Information supplied:
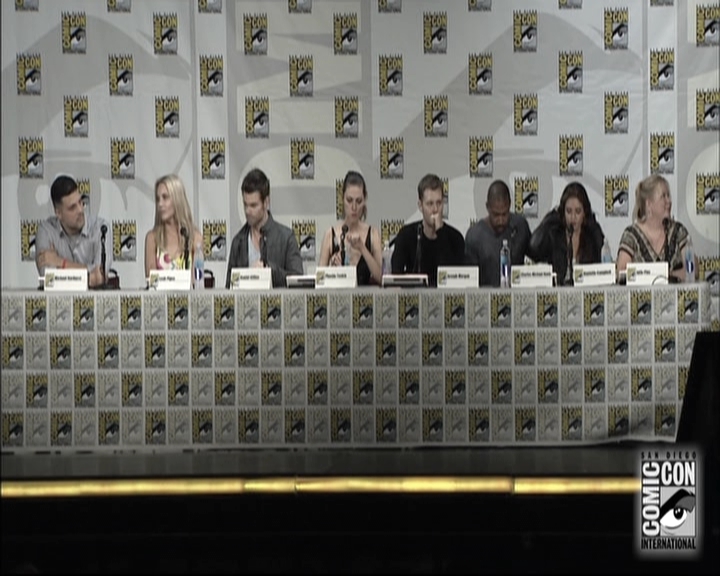 VampireDiariesWorld-dot-nl_TheOriginals-S3SanDiegoComicCon2014Panel0070.jpg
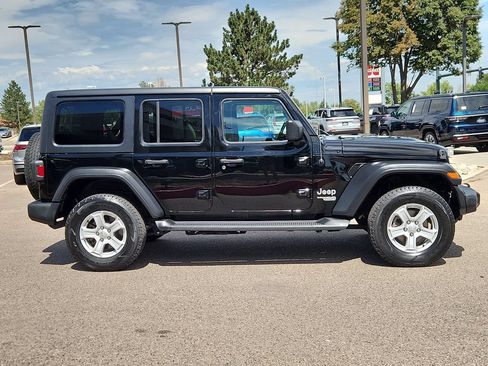 Used 2020 Jeep Wrangler Unlimited Sport S AWD/4WD image 2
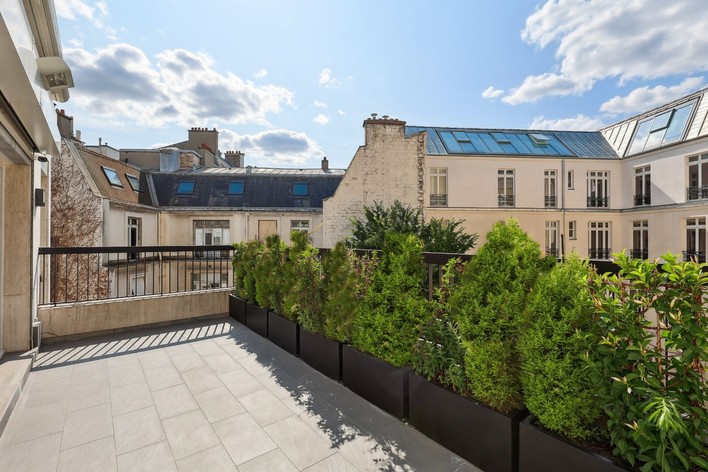 Paris VIIIe - Avenue Montaigne : a Luxury Residence/Apartment for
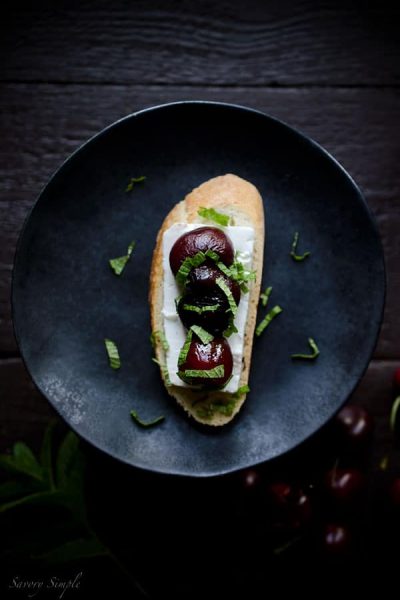Roasted-Cherry-Crostini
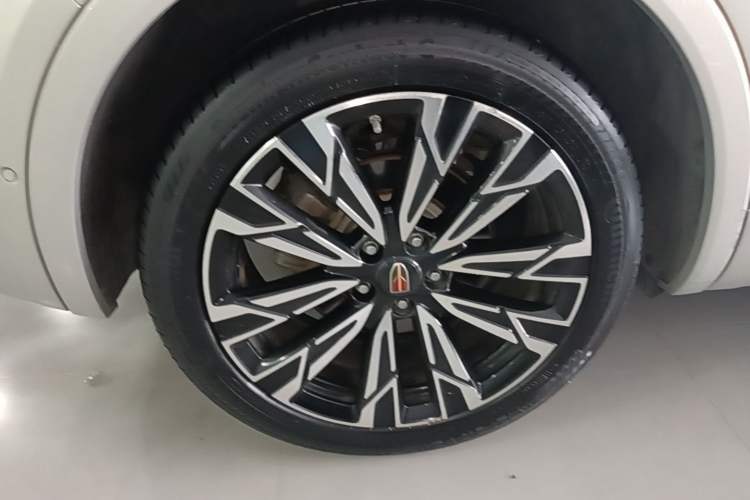 Used Hongqi HS5 2023 2.0T Four-Wheel Drive Flagship Pro Edition Right Rear Wheel Hub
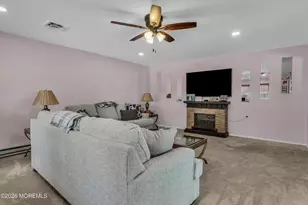 912B Dumbarton Dr, Lakewood, NJ 08701 - Photo 5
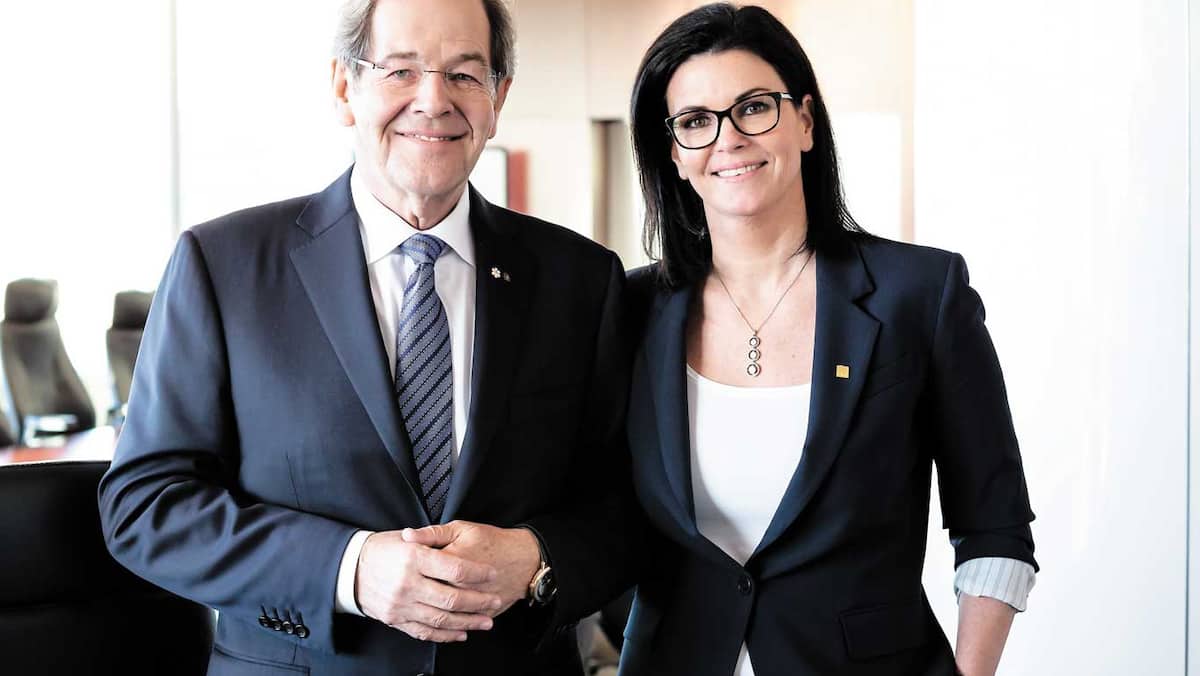 PKP_Qc's tweet card. Message de Serge Godin à tous les prédateurs du monde de la haute finance, comme les gigantesques fonds d’investissement: CGI n’est pas à vendre.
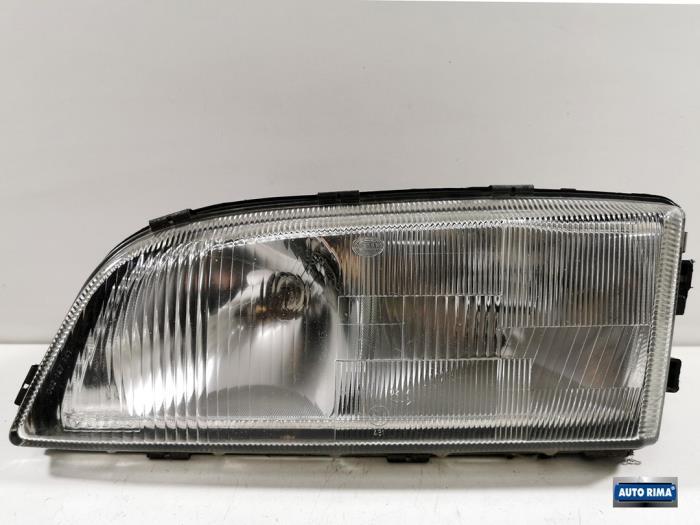 Phare gauche d'un Volvo V70, -, 3 mois de garantie, -, -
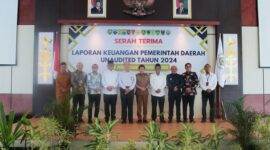 Bupati Maluku Tengah saat menghadiri langsung penyerahan Laporan Keuangan Pemerintah Daerah Unaudited Tahun 2024 (Detik Indonesia/Dinamika Maluku)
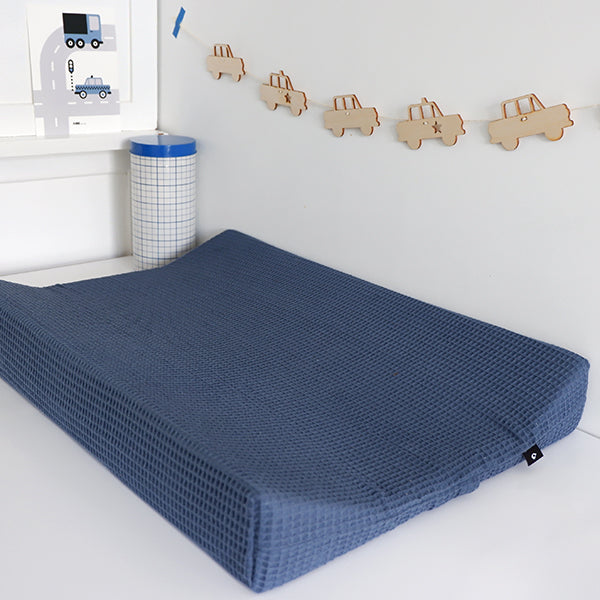 Aankleedkussenhoes Wafelstof Basis Babykamer • Donker Oud Blauw - HelloBaby.be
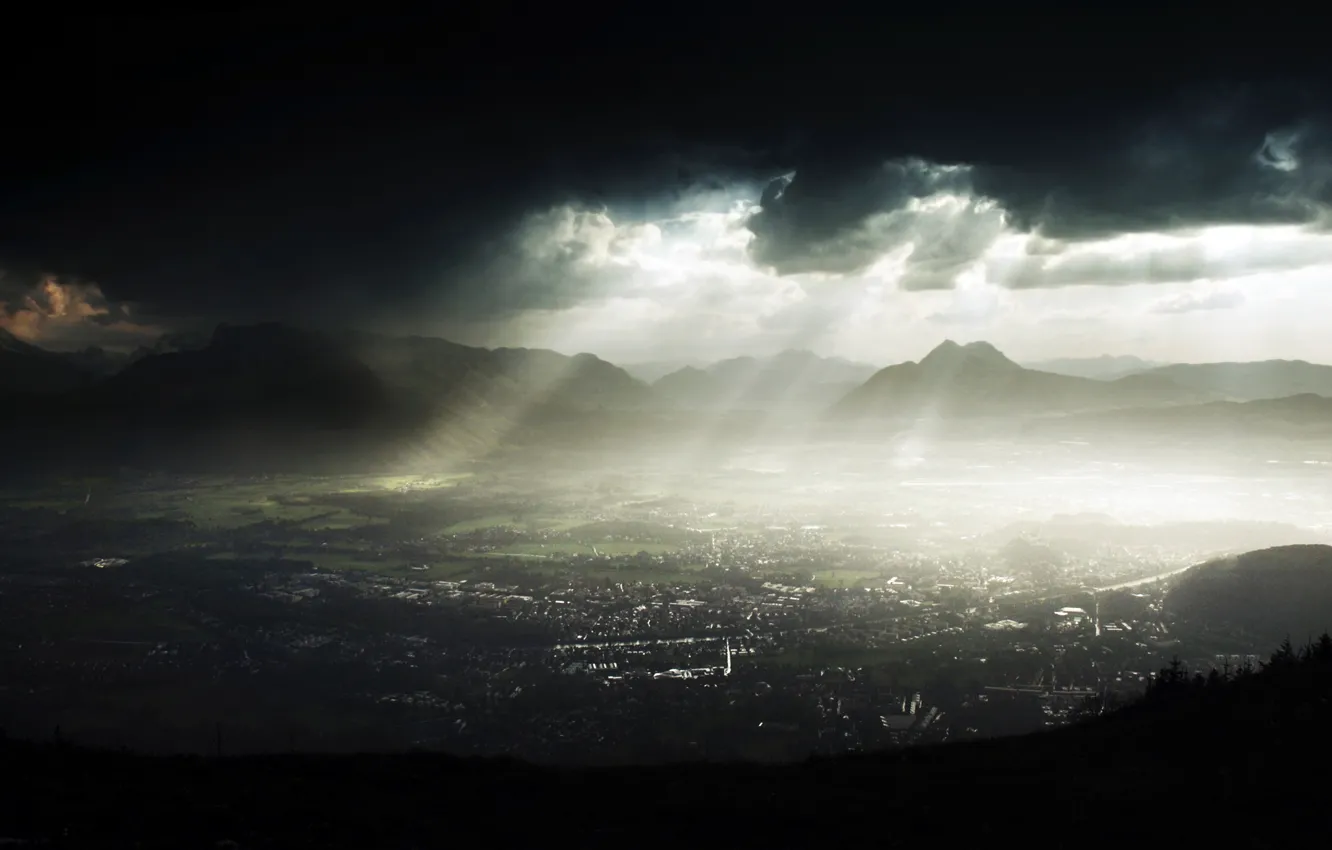 Photo wallpaper rays, clouds, rain, valley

Task requirements: The required output is the span of lines from the line with "912B Dumbarton Dr, Lakewood, NJ" through the final line of the listing above, reproduced exactly, minus the pictures.

Exercise answer:
 912B Dumbarton Dr, Lakewood, NJ 08701 - Photo 5
 PKP_Qc's tweet card. Message de Serge Godin à tous les prédateurs du monde de la haute finance, comme les gigantesques fonds d’investissement: CGI n’est pas à vendre.
 Phare gauche d'un Volvo V70, -, 3 mois de garantie, -, -
 Bupati Maluku Tengah saat menghadiri langsung penyerahan Laporan Keuangan Pemerintah Daerah Unaudited Tahun 2024 (Detik Indonesia/Dinamika Maluku)
 Aankleedkussenhoes Wafelstof Basis Babykamer • Donker Oud Blauw - HelloBaby.be
 Photo wallpaper rays, clouds, rain, valley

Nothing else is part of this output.